Information given:
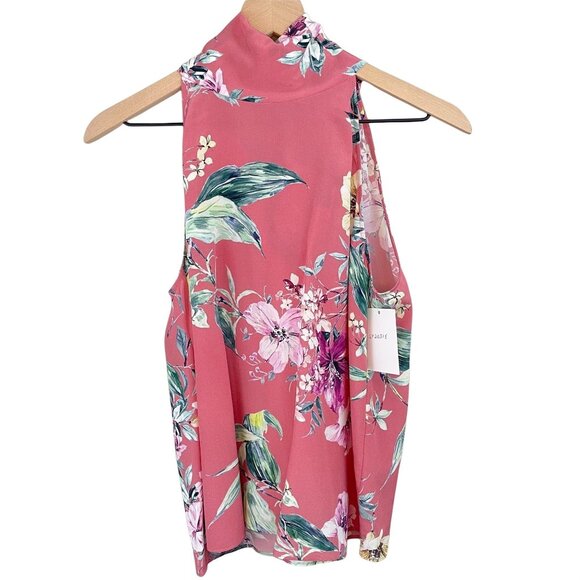 Generation Love pink floral Kylee tie back hineck silk tank extra small MSRP 225 - Picture 1 of 12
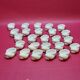 25 Snail Shell Buckets In Vintage White Porcelain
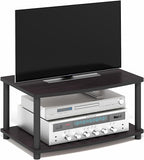 Furinno Turn-N-Tube Printer Stand with Storage, 2-Tier Printer Table, Under Desk Printer Stand, Toolless Assembly, for CPU, Office Supplies, Home Office, Dark Walnut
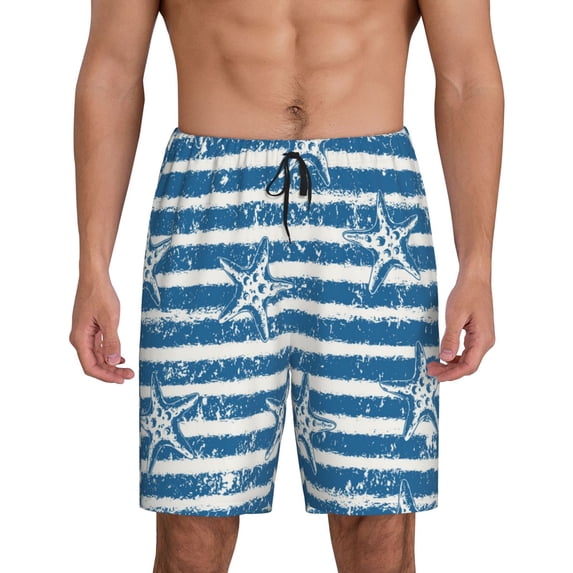 Easygdp Ocean on Striped Men's Short Pajama Pants, Sleep Shorts, Household Pants, Casual Pants with Pockets - Medium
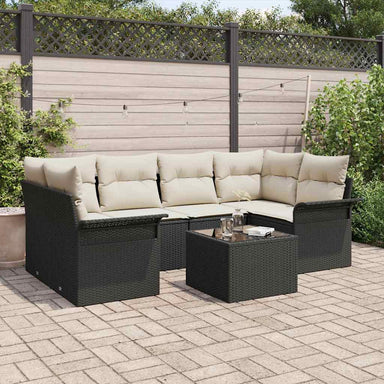 Tuin Sofa Set 7 st 6-Aantal zitplaatsen Zwart en Crème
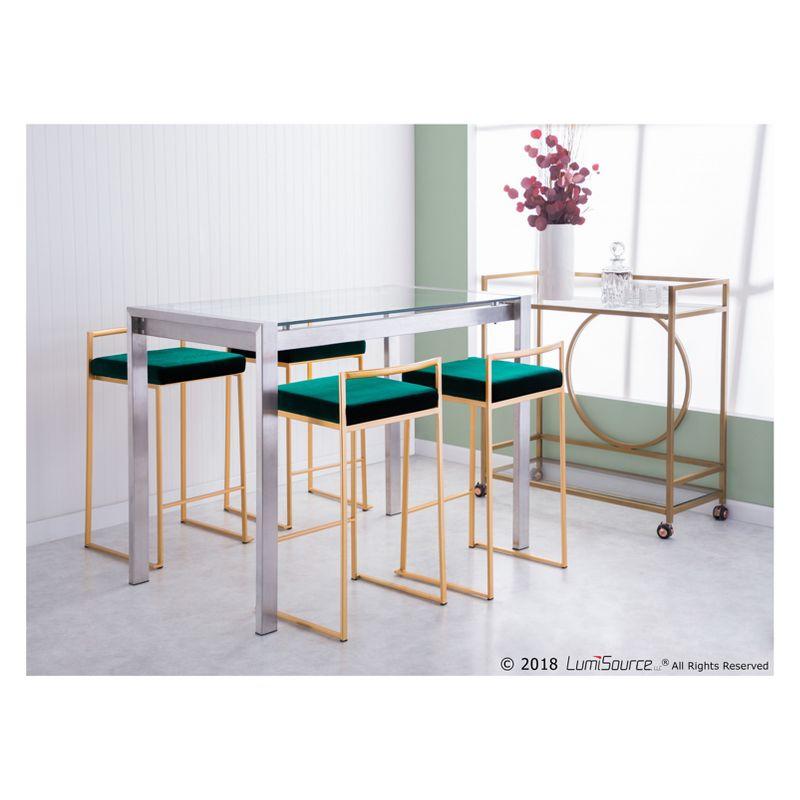 LumiSource Set of 2 27" Fuji Contemporary Counter Height Barstool Green: Velvet Upholstery, Metal Legs, Low Back
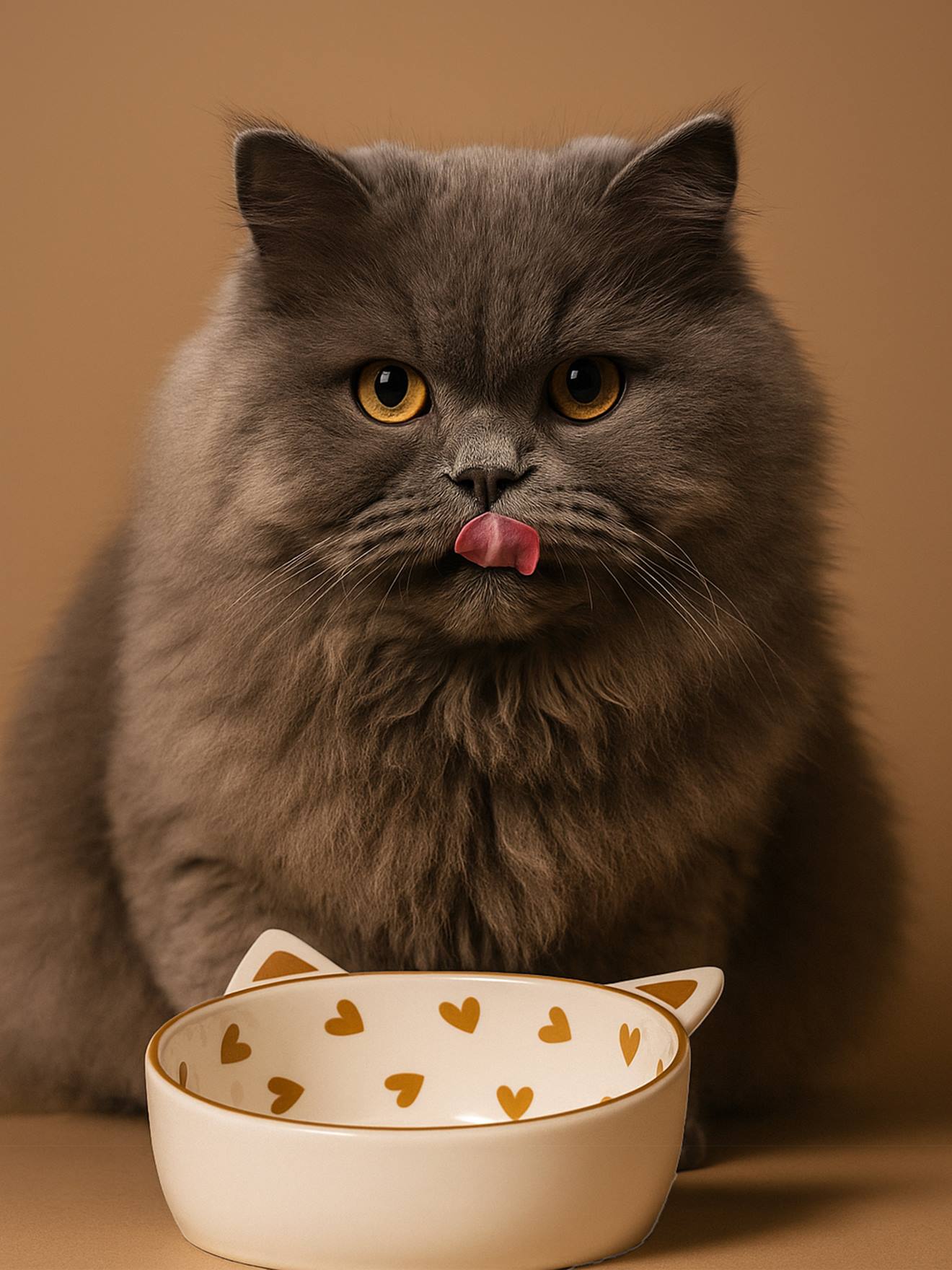 Set van 2 keramische kattenbakken FAMILY wit, bedrukt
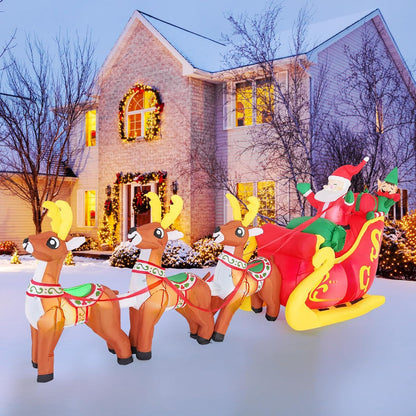 Christmas Inflatable Santa Claus on Sleigh with 3 Reindeer & Christmas Tree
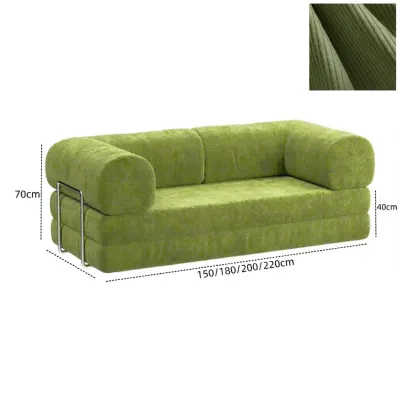 Compact Foldable Living Room Teddy Corduroy Modular Sofa Bed
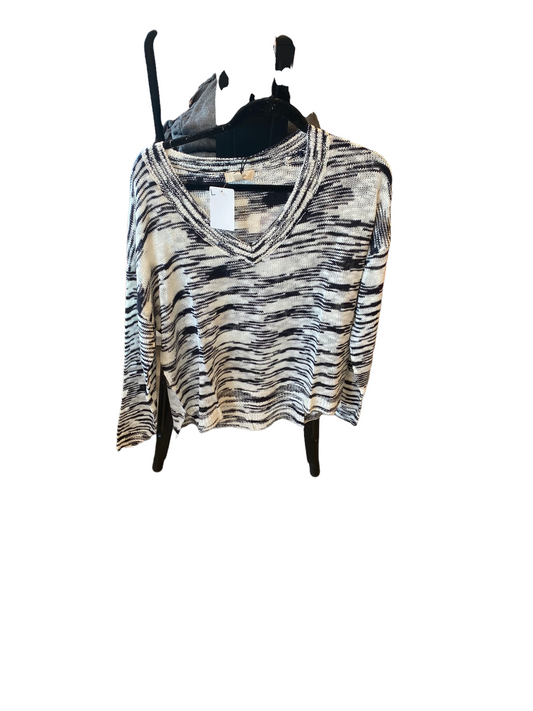 ELAN F22 BLACK WHITE STRIPE DEEP VNECK SWEATER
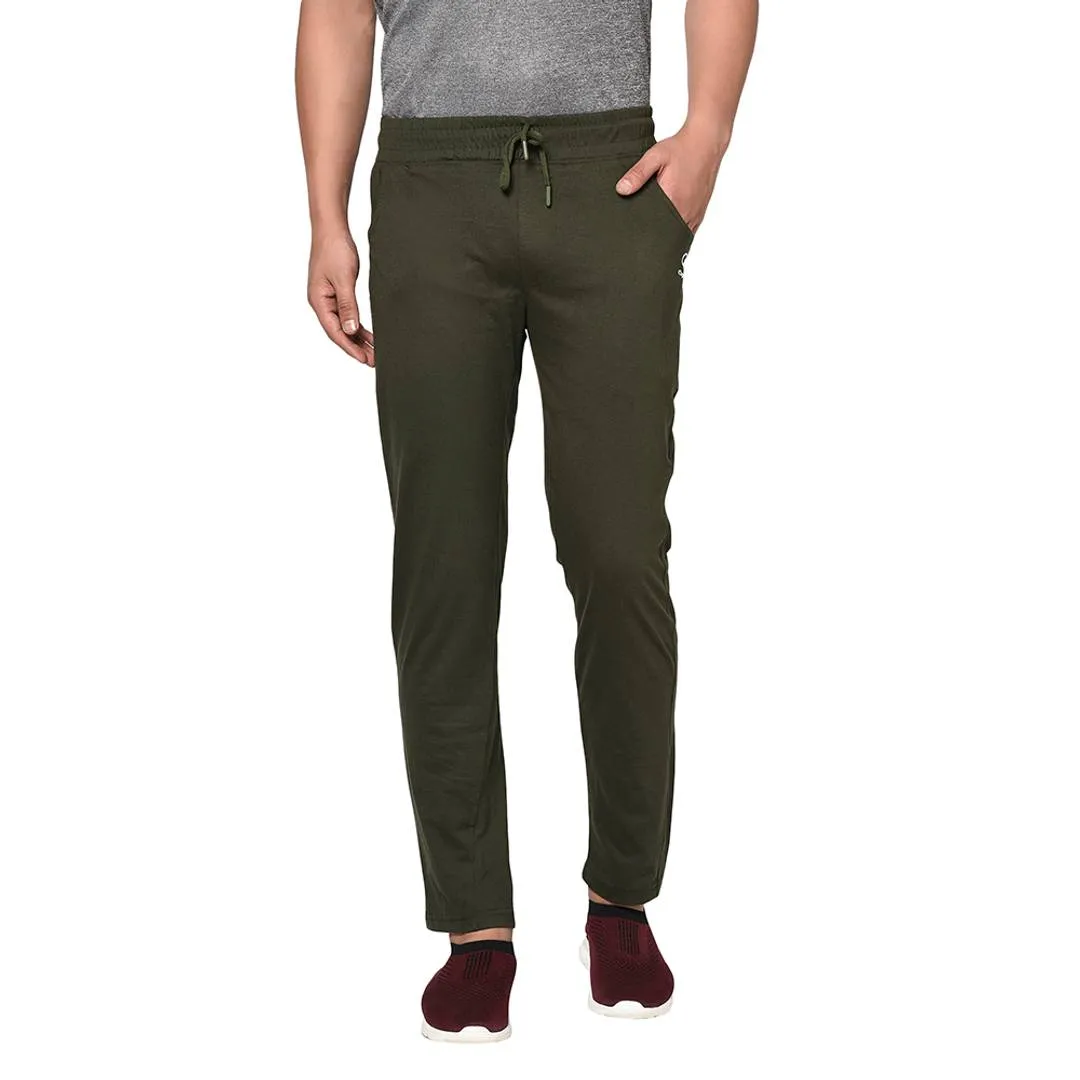 Cotton Blend Olive Track Pant/Pyjama For Men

Required action: The response should hold only an exact retyping of the lines from the beginning of the data through the line containing "25 Snail Shell", both ends kept, pictures omitted.

Written solution:
 Generation Love pink floral Kylee tie back hineck silk tank extra small MSRP 225 - Picture 1 of 12
 25 Snail Shell Buckets In Vintage White Porcelain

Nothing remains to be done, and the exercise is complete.